EDIT le 1er juillet 2021 : selon le Figaro, il y aurait 600 projets de centrales en Asie.


Examinons le cas exemplaire et crucial du charbon. Qui se focalise sur les bonnes nouvelles peut facilement se convaincre que les centrales à charbon sont appelées à disparaître, ce qui laisse croire que « le système » peut être dirigé dans le bon sens. La preuve par cet article de mars 2019 sur le site d’Europe 1 : « Le nombre de centrales à charbon recule dans le monde, à l’exception de la Chine ». Mais le titre est faux : n’a reculé que le nombre de centrales en cours de développement. On en construit donc un peu moins, mais l’on continue néanmoins d’en construire, de sorte que le total augmente. C’est un article de propagande qui ne dit rien d’explicite : il se contente de saluer les États-Unis qui concentrent la « moitié des centrales à charbon arrêtées dans le monde en 2018 », et d’accuser la Chine qui « concentre la moitié des capacités ». Mais ce recul US tient probablement à la vétusté des centrales à charbon et à une bascule vers le gaz moins cher (d’après Sylvestre Huet) :

« Les chercheurs observent une baisse significative de l’usage du charbon pour l’électricité aux Etats-Unis et dans l’Union Européenne, de -10%. Aux Etats-Unis, cette baisse ne doit pas grand chose à une politique climatique sabordée par Donald Trump, mais au prix du gaz, souvent inférieur à celui du charbon, ce qui entraîne une bascule de la production vers cette énergie dont la combustion dégage moins de CO2 au kwh produit. »

Si l’on cherche d’autres chiffres, l’on trouve par exemple Statista qui affiche le diagramme suivant :

conso-charbon-mondiale

La consommation mondiale a un peu baissé à partir de 2015, mais remonte déjà à partir de 2017. Nous ne sommes donc pas loin des 4000 Mtep, (millions de tonnes équivalent pétrole), soit 4 milliards de tep par an sans compter le gaz et le pétrole. Qu’importe de savoir où et pourquoi ces centrales sont installées, ces stats globales montrent le système tel qu’il est, indépendamment de ses innovations et fluctuations que l’on veut faire passer pour des tendances lourdes et définitives. Aujourd’hui, on peut penser qu’un consensus mondial s’est installé pour faire baisser les GES, (Cf. les accords de Paris et Greta Thunberg invitée à Davos et à l’ONU), mais rien ne dit qu’il ne volera pas en éclats. (EDIT le 15 décembre 2019 : il semble que ce soit déjà fait à voir la sinistrose de la COP25.) Après la Première GM, le consensus disait « plus jamais ça », on sait ce qu’il en advint à peine 20 ans plus tard : un crescendo dans l’horreur.
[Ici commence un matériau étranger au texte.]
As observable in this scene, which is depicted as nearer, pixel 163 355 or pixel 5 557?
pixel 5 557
Il y a donc fort à parier que, dans quelques décennies, quand il n’y aura vraiment plus de pétrole, l’on découvrira que les énergies renouvelables sont loin de suffire, et aucun pays ne restera les bras croisés face à ses besoins : il prendra l’énergie là où elle se trouve, dans ce charbon abondant et facile à convertir en électricité.1 C’est en tout cas ce que l’on peut lire dans les anticipations de l’EIA2 :

« Le charbon, fréquemment montré du doigt pour les fortes émissions de CO2 associées à sa combustion, pourrait voir sa consommation mondiale « décliner jusqu’à la décennie 2030 » (avec une transition vers le gaz et les énergies renouvelables dans le secteur électrique) mais à nouveau augmenter dans les années 2040 pour satisfaire des besoins industriels mais aussi de production d’électricité dans les pays asiatiques hors Chine. »

Une autre nouvelle confirme notre point de vue : « L’un des plus grands gisements de charbon africain s’apprête à partir en fumée ». Ça se passe au Botswana, un pays très petit mais très dynamique. Ne lui jetons pas la pierre : même à plein régime, sa production restera « dérisoire », dit l’article, « face à la production des mastodontes mondiaux : à elle seule, la Chine a extrait 3,5 milliards de tonnes de charbon en 2018, quand l’Inde et les États-Unis comptabilisent respectivement 730 et 680 millions de tonnes sur la même année. À ce jour, 300 nouveaux projets miniers dans le monde ont été annoncés, dont 92 sont déjà en construction ».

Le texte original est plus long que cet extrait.